» Work to be completed: An unchanged copy of every record below, without pictures, is the goal.

» Stored data entries:
____________________

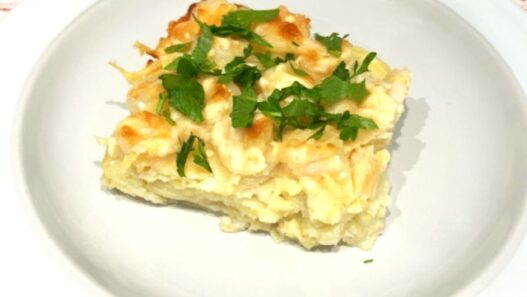 Shrimp and Potato Gratin served on a plate, topped with fresh parsley. Gluten-free, nightshade-free, and AIP reintroduction-friendly.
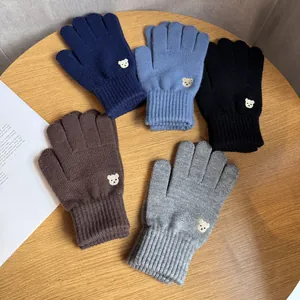 Five pairs of winter knitted gloves with cute bear embroidery in multiple colors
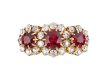 Edwardian ruby and diamond triple cluster ring, English, circa 1905.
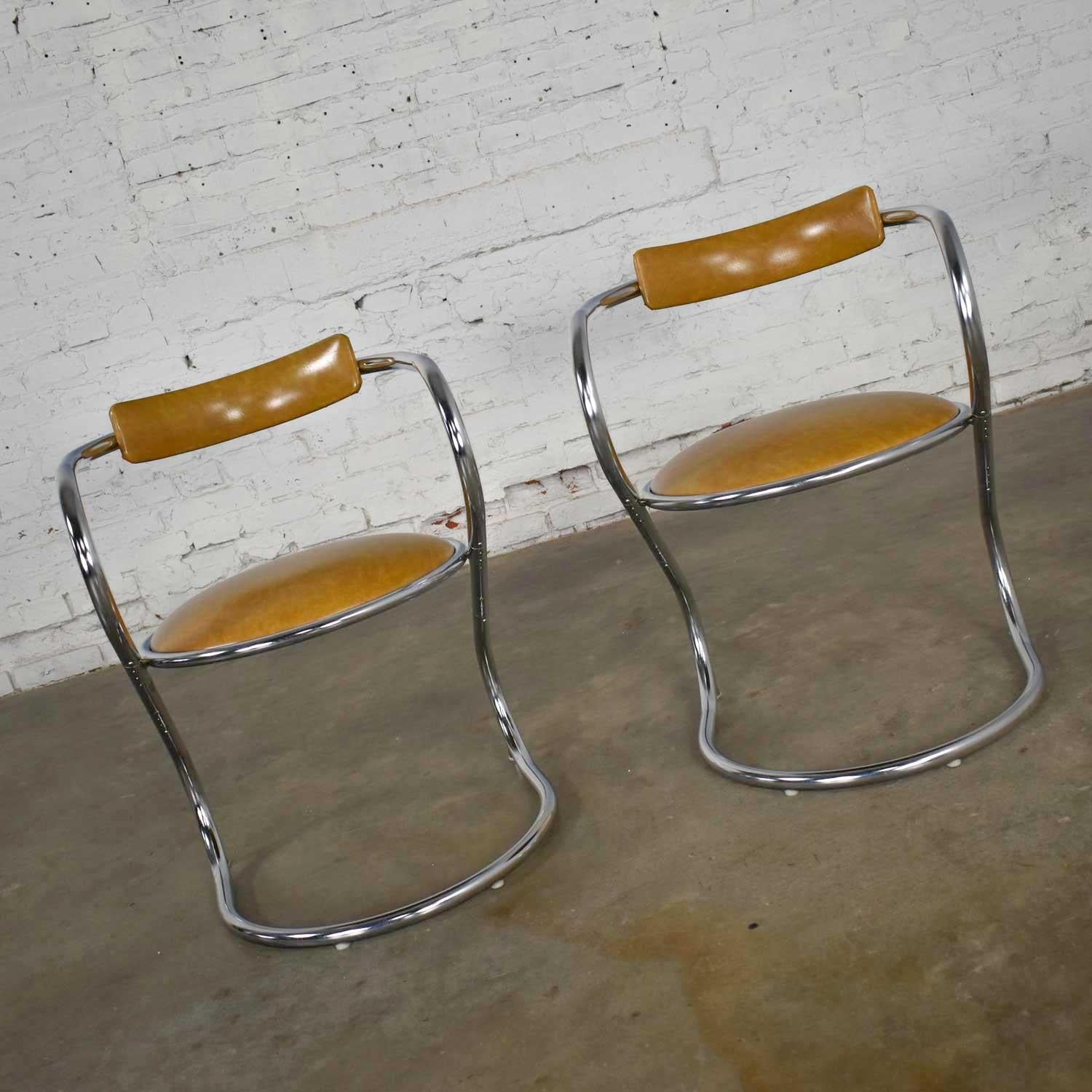 Handsome pair of streamlined reversed cantilever chairs comprised of chrome frames and gold faux leather or vinyl by Sutton Bridge, a division of Etowah Manufacturing Co. Inc. Beautiful condition with no outstanding flaws that we have detected. Only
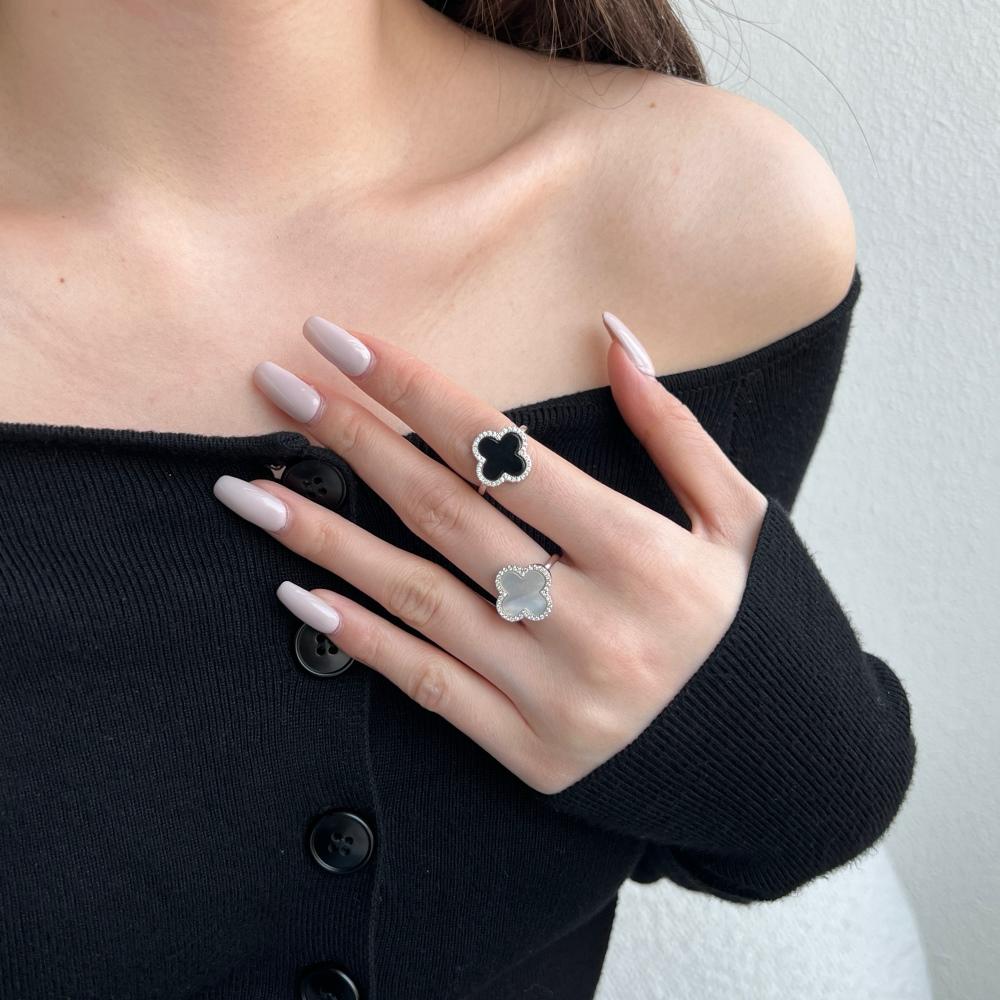 A pair of clover-shaped rings with black and white shell accents, in 925 sterling silver with a rhodium plating, displayed against a white background on a women's hand.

____________________

» Answer space:
 Shrimp and Potato Gratin served on a plate, topped with fresh parsley. Gluten-free, nightshade-free, and AIP reintroduction-friendly.
 Five pairs of winter knitted gloves with cute bear embroidery in multiple colors
 Edwardian ruby and diamond triple cluster ring, English, circa 1905.
 Handsome pair of streamlined reversed cantilever chairs comprised of chrome frames and gold faux leather or vinyl by Sutton Bridge, a division of Etowah Manufacturing Co. Inc. Beautiful condition with no outstanding flaws that we have detected. Only
 A pair of clover-shaped rings with black and white shell accents, in 925 sterling silver with a rhodium plating, displayed against a white background on a women's hand.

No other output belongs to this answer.